L'Elisa che non ti aspetti è attorcigliata intorno a Sebastian, che ha cinque mesi e un po' di tosse, e sta aspettando un omogeneizzato. C'è molto di lui, di questo pupo con gli occhi azzurrissimi, nel nuovo disco L'anima vola, che peraltro è stato inciso prima che nascesse. «Ho terminato le registrazioni un anno fa ma mi riconosco ancora in queste canzoni, che sono materne e combattive allo stesso tempo». Milano, hotel del centro. Elisa, che appena può indossa un paio d'occhiali dalla montatura nera, ha aspettato quattro anni prima di incidere il suo disco più completo finora, e non solo perché ci sono collaborazioni con Ligabue, Tiziano Ferro o Giuliano Sangiorgi di Negramaro. Oppure perché la sorprendente Ancora qui (con accenno a Per Elisa di Beethoven) è stata scritta su musica di Morricone per Django unchained di Tarantino. «Volevo proprio incidere questo album: quando hai una famiglia, ti aspetti che il tuo lavoro sia un distacco completo, un'emozione fortissima», dice lei. E gli occhi le brillano quasi fossero quelli di un neonato in braccio alla mamma.
Perciò, cara Elisa, l'ha intitolato L'anima vola?
«Il volo di un'anima inizia (anche) quando c'è equilibrio nella propria vita».
Ma il rischio poi non è un atterraggio troppo brusco?
«No, l'anima vola quando non è ebbra. E' lucida e consapevole».
E ispirata.
«L'ispirazione vive di vita propria. Al massimo si può cercare di farla decollare meglio possibile».
Stavolta come ha fatto?
«Ero molto concentrata, ho tolto tutti i miei filtri, volevo autostupirmi. Anche perché percepivo come vecchie le canzoni che avevo inciso fino a quel momento. Perciò ho azzerato tutto, e mi sono messa a cantare in italiano. E ho anche evitato di utilizzare quasi tutto il materiale che avevo già composto».
Quasi tutto?
«Ho conservato la melodia di E scopro cos'è la felicità che ha una profonda radice soul: mi ricorda Phil Spector e le Ronettes che sono miei idoli. E così Tiziano e io siamo finalmente riusciti a collaborare».
Con Ligabue l'aveva già fatto.
«Ha scritto A modo tuo pensando a una mamma. E io l'ho cantata pensando (anche) alla sua neo moglie Barbara».
E Giuliano Sangiorgi?
«Ha scritto il testo di Ecco che sopra una musica che avevo composto io».
È finito nella colonna sonora di L'ultima ruota del carro di Giovanni Veronesi.
«Ho composto tutta la colonna sonora. In realtà all'inizio gli avevo proposto Life so pretty, ma era in inglese e quindi non si amalgamava bene con il film, che ha temi, personaggi e ambientazioni profondamente italiani. Perciò io e lui ci siamo guardati e ci è venuto spontaneo pensare a Giuliano».

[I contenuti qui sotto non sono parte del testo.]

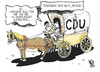 Cartoon: CDU (small) by Kostas Koufogiorgos tagged cdu,modernisierung,pferd,wagen,partei,politik,karikatur,kostas,koufogiorgos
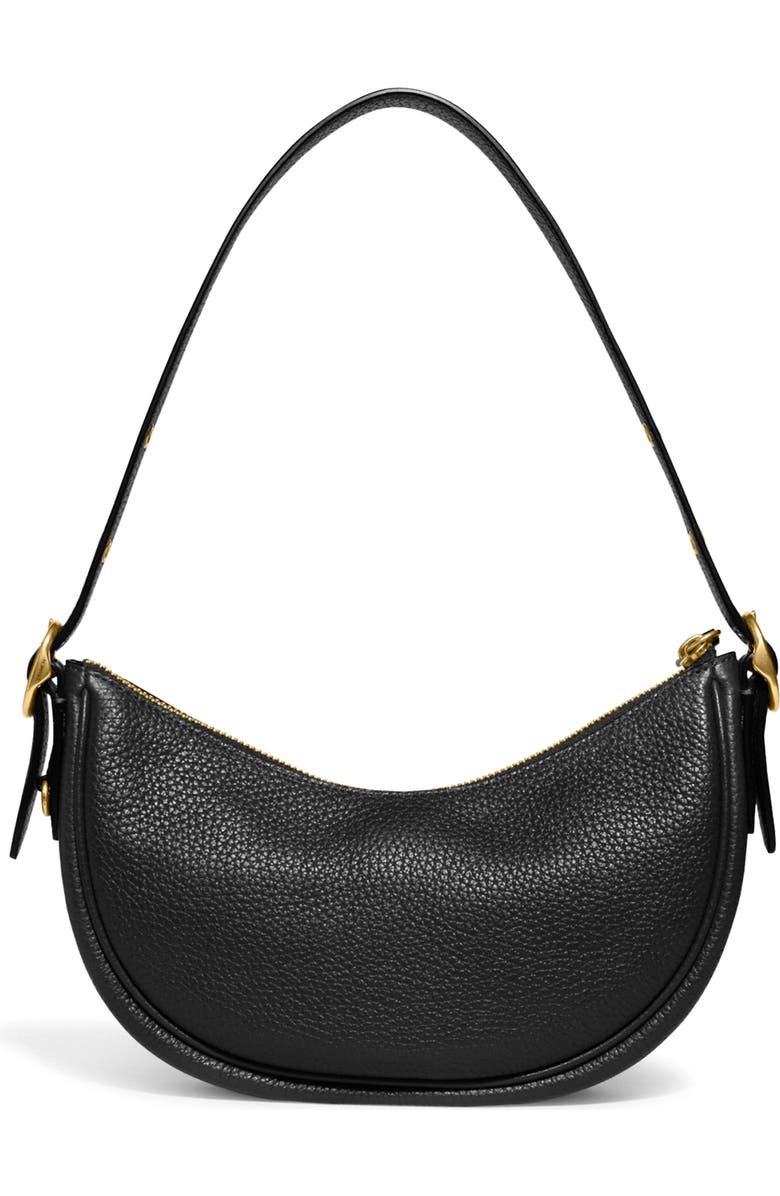 COACH Luna Soft Pebble Leather Shoulder Bag, Alternate, color,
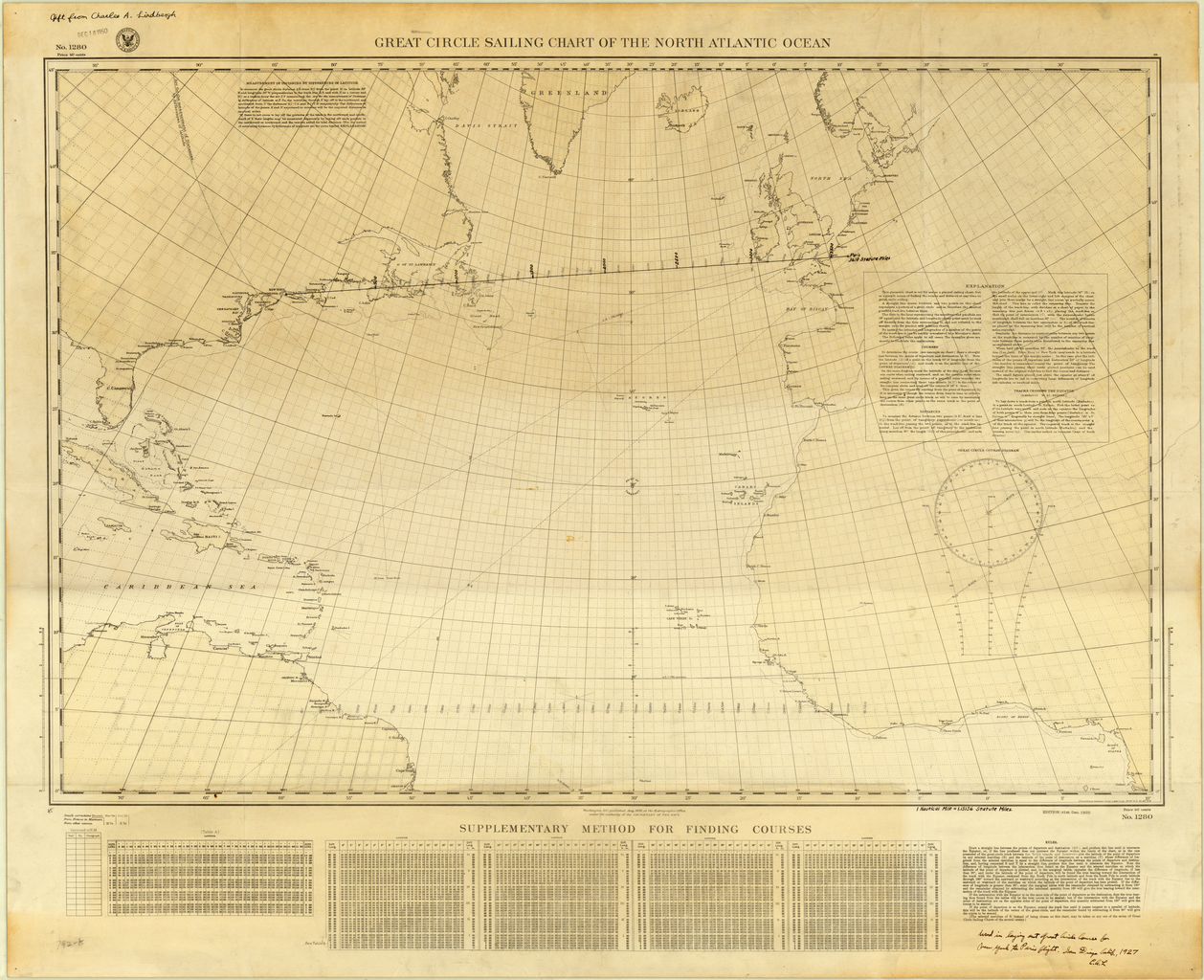 Great Circle Sailing Chart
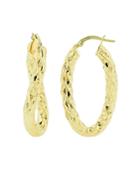 Bloomingdale's Oval Hoop Earrings In 14k Yellow Gold - 100% Exclusive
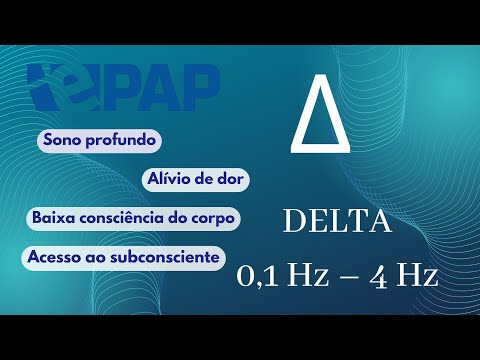🧠 Ondas Binaurais Delta - Δ - 0,1Hz - 4Hz. Sono profundo; Alívio de dor; Acesso ao subconsciente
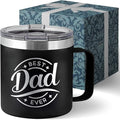 Best Dad Ever Gifts for Fathers Day Mug from Daughter - Dad Mug Tumbler Dads Gifts for Christmas Drinking Cup - Dad Birthday Papa Present - Father Birthday Gift 14oz Stainless Steel Tumbler with Lid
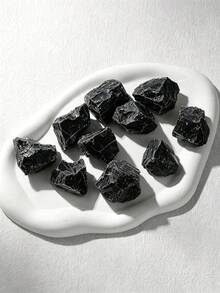QYDCX 1/5/10 buah Batu Kristal Mentah Alami Tidak Beraturan, Obsidian Amethyst Pelangi Fluorite Batu Permata Penyembuhan, Spesimen Mineral untuk Dekorasi Diffuser Meditasi DIY - obsidian - View 5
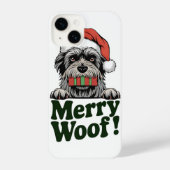 メリークリスマス犬 iPhoneケース (裏面)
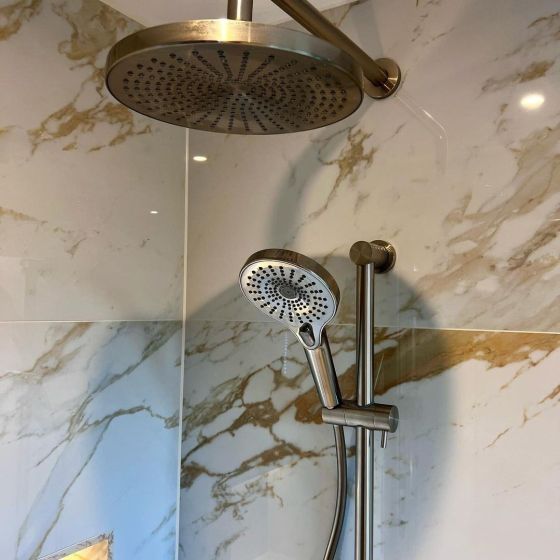 250mm Round Shower Head - Nickel
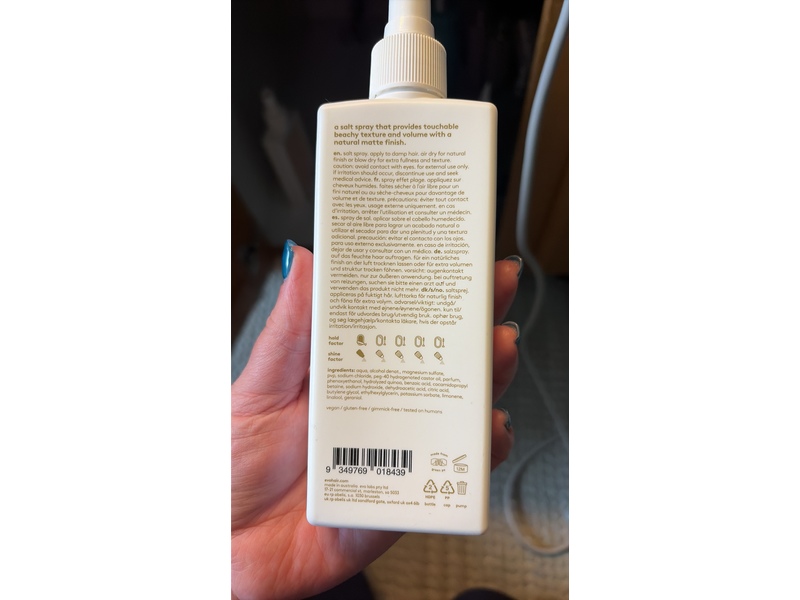 Evo Hair Salty Dog Salt Spray, 6.7 fl oz/200 mL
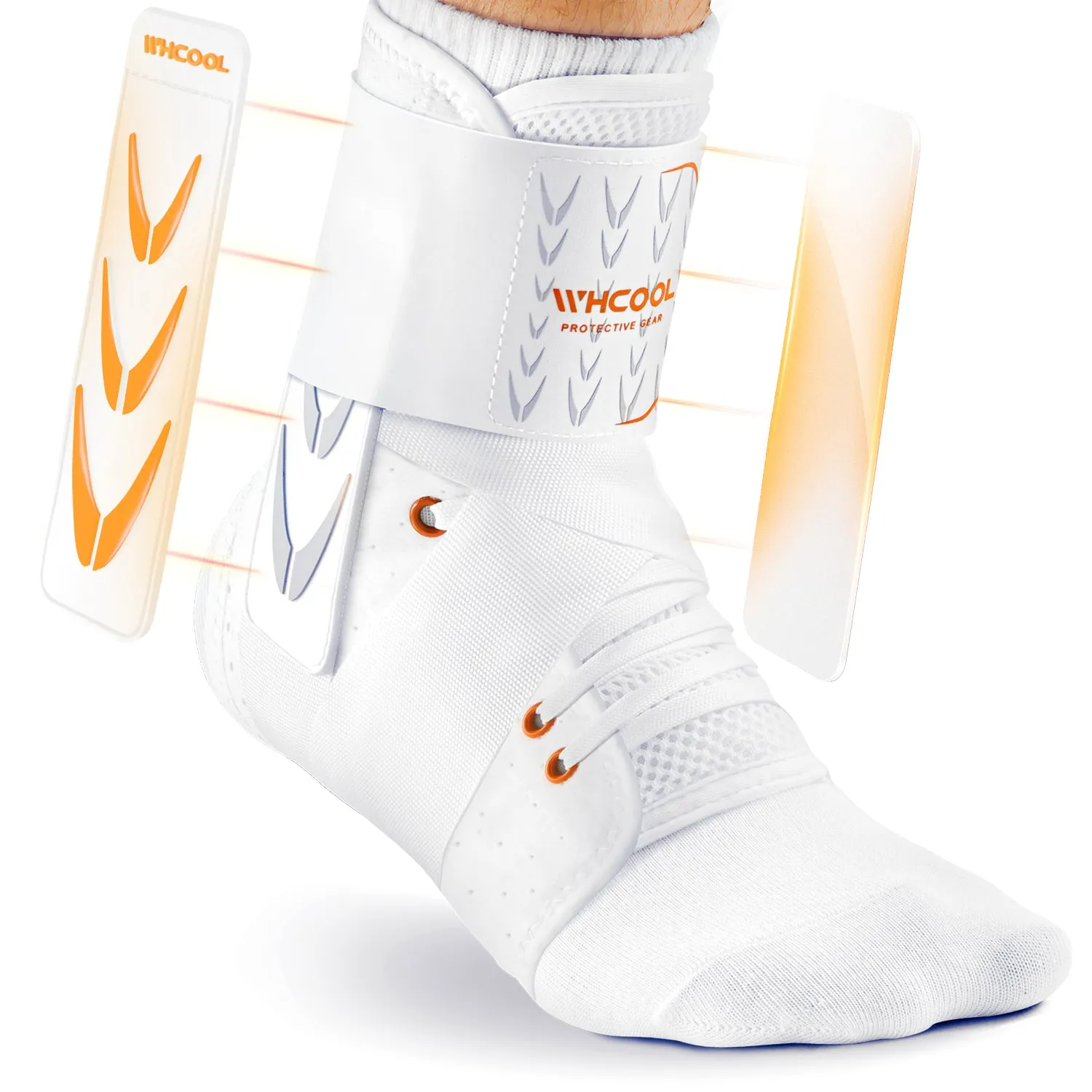 WHCOOL Knöchelbandage Schnürung Air Fabric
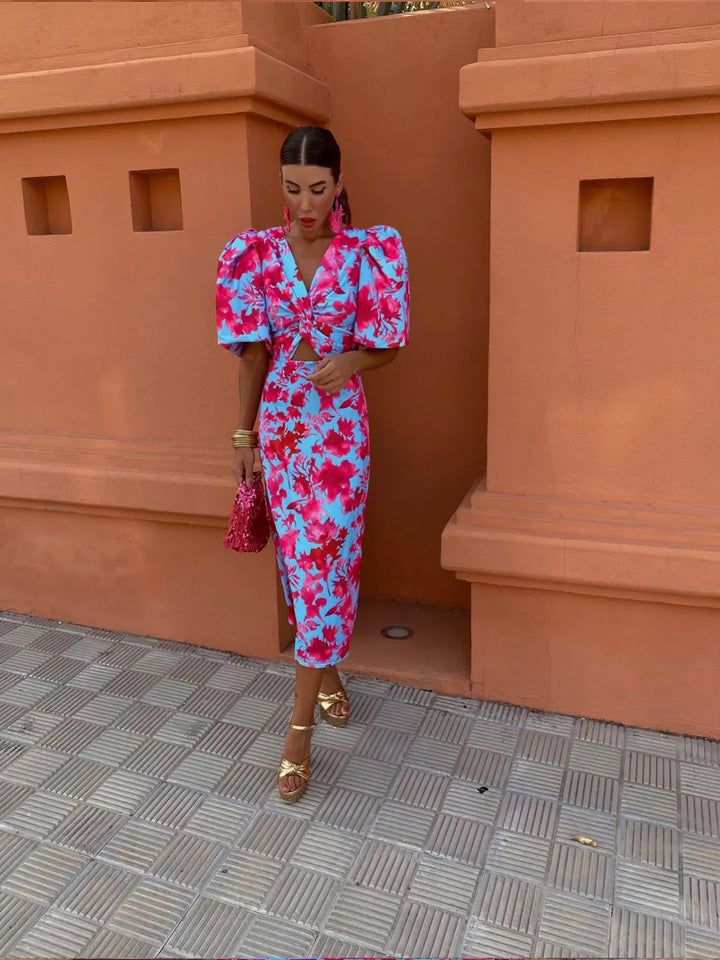 Camille | Puff Sleeves Dress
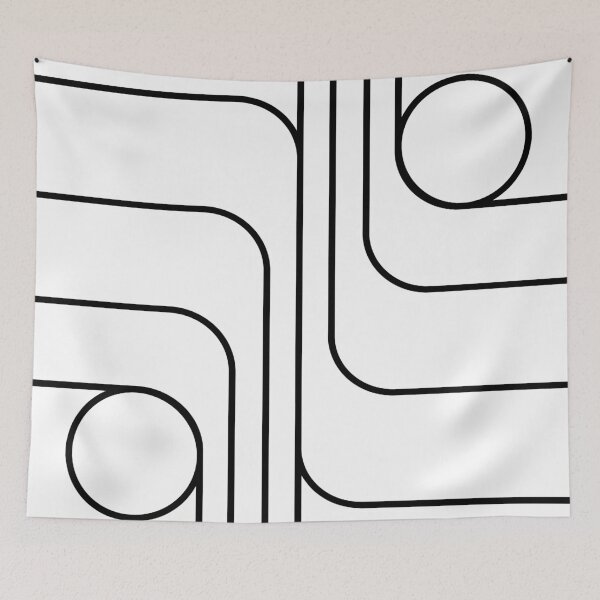 Item preview, Retro Modernist Geometric Design Black & White designed and sold by tonymagnerart.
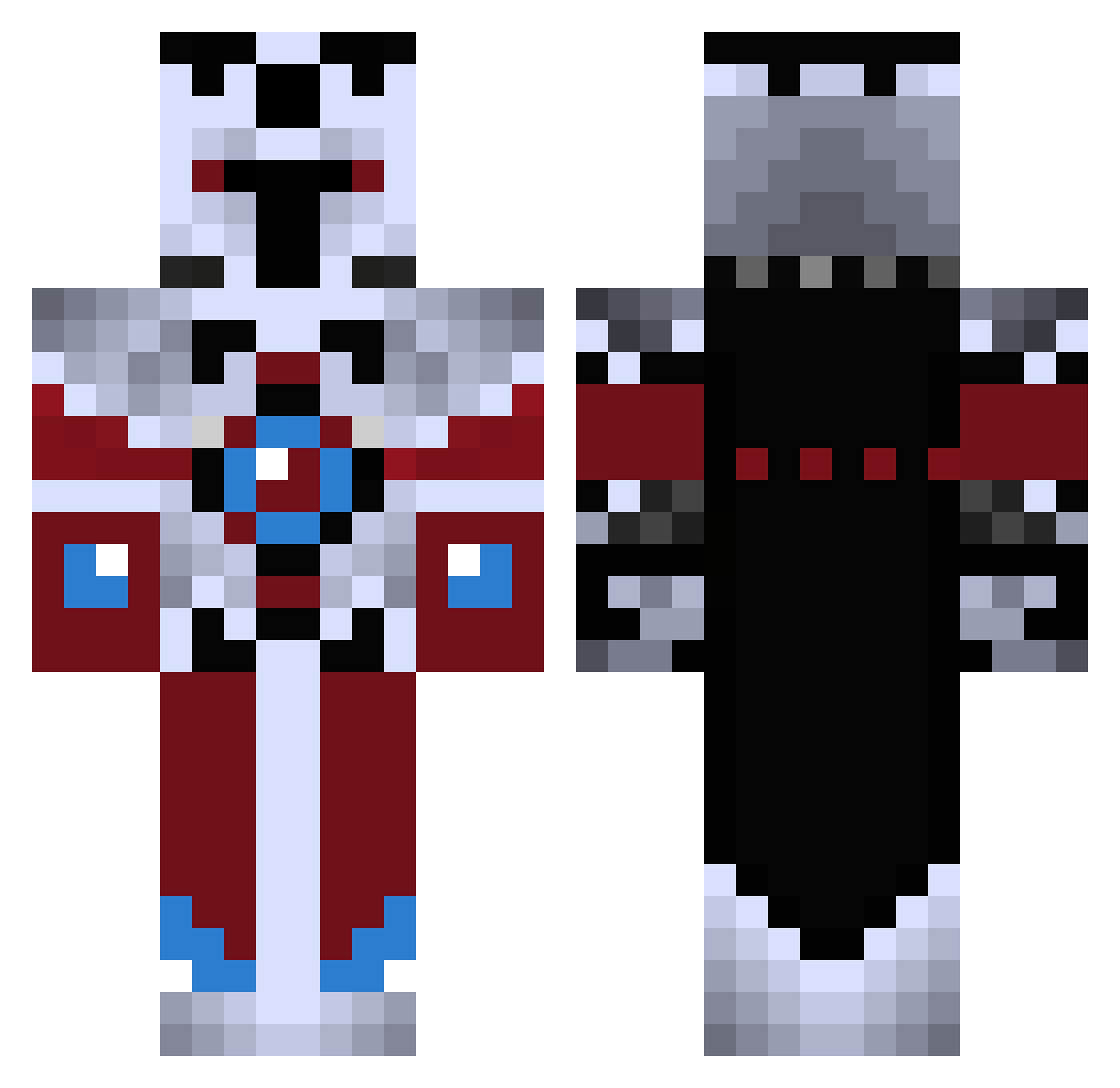 gingybeardman Minecraft skin, front and back view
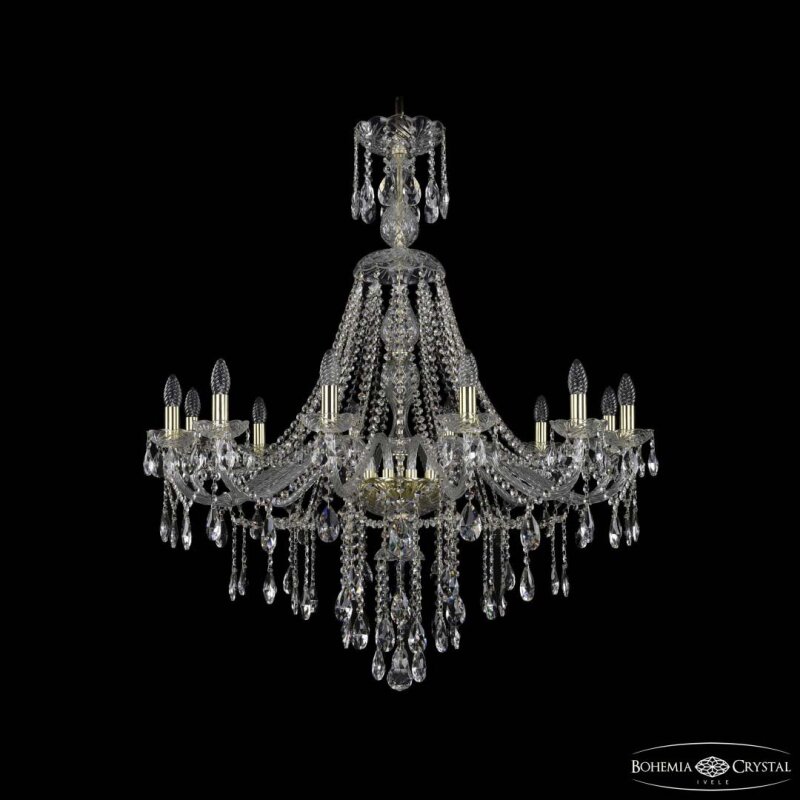 Подвесная люстра Bohemia Ivele Crystal 1415 1415/12/360/XL-113 G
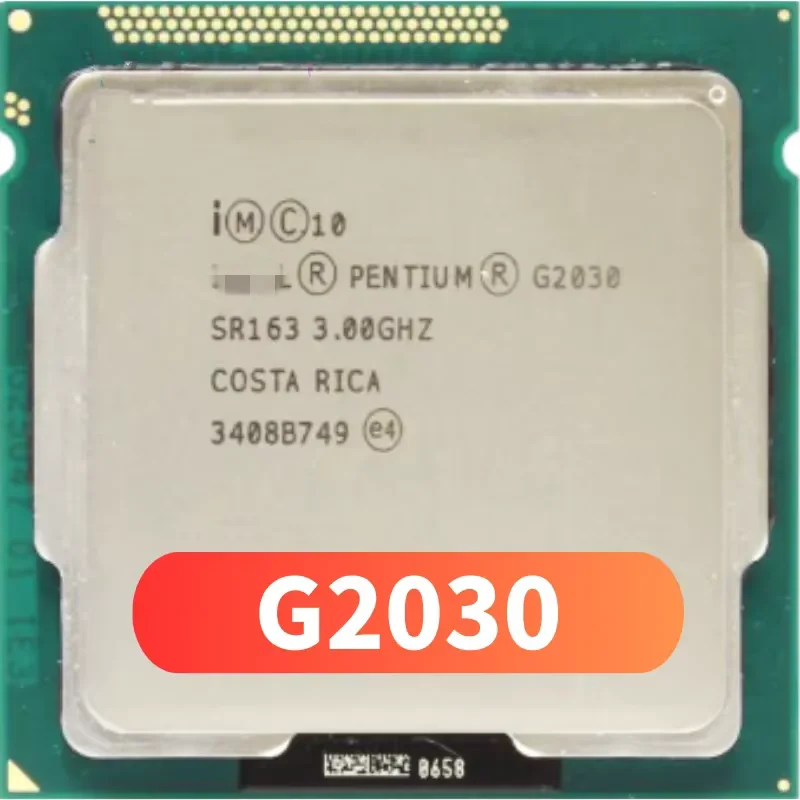 Pentium G2030 3.0 GHz Dual-Core Dual-thread CPU Processor 3M 55W LGA 1155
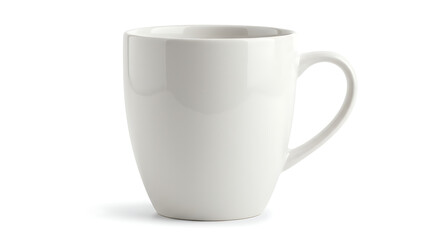 Fototapeta premium Minimalist coffee mug perfect for logo mockup, branding, or merchandise display.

Elisa, lei sembra sempre più libera e spontanea. C'è un brano nel disco che si intitola Maledetto labirinto.
«È l'orgoglio, quella cosa che ti obbliga a non scendere mai a compromessi».
Ecco.
«Ci vuole tanto tempo per arrivare a queste considerazioni».
Lei ha detto che per i giovanissimi i talent show sono un'arma a doppio taglio perché costruiscono un'altra apparenza ai cantanti.
«Credo siano soprattutto riduttivi dal punto di vista del repertorio scelto. E poco lungimiranti dal punto di vista economico perché spesso non contribuiscono a costruire una carriera ma solo a farla decollare».
Elisa invece ha seguito la strada discograficamente canonica.
«Cerco di non smettere mai di crescere. Il disco in italiano lo dimostra».
Dicono che prenda ancora lezioni di canto.
«Eggià, prendo lezioni di cosiddetto canto in mix, che mescola i registri di falsetto e voce piena quando si affrontano le note di passaggio come il sì e il mi».
In effetti nelle sue nuove canzoni la voce di Elisa ha un colore diverso.
«Invecchiando, la voce cambia soprattutto di tono. Io pensavo di essere diventata contralto, invece sono ancora soprano».
Chissà dal vivo.
«Posso dire una cosa?».
Prego.
«Inizierò il tour a marzo. Ma mi sono stancato del palco tradizionale.
Un palco frammentato?
«Per far capire quanto sono diventata poliedrica».